▶ Records for the exercise
+-------+

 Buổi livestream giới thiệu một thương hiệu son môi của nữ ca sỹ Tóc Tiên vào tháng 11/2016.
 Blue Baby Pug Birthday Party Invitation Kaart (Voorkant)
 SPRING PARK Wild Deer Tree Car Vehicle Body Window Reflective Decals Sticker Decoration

+-------+

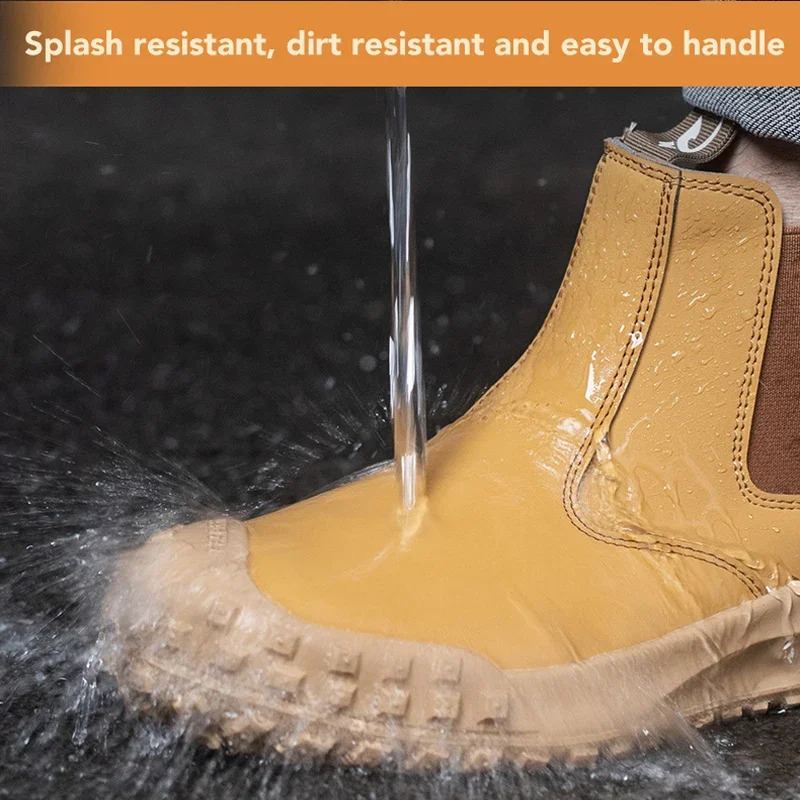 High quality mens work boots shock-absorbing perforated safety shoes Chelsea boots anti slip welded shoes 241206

+-------+

▶ Problem statement
Look above for the line containing "Buổi livestream giới". Output from there through the line containing "SPRING PARK Wild", exactly and inclusively.

▶ Solution for this exercise
 Buổi livestream giới thiệu một thương hiệu son môi của nữ ca sỹ Tóc Tiên vào tháng 11/2016.
 Blue Baby Pug Birthday Party Invitation Kaart (Voorkant)
 SPRING PARK Wild Deer Tree Car Vehicle Body Window Reflective Decals Sticker Decoration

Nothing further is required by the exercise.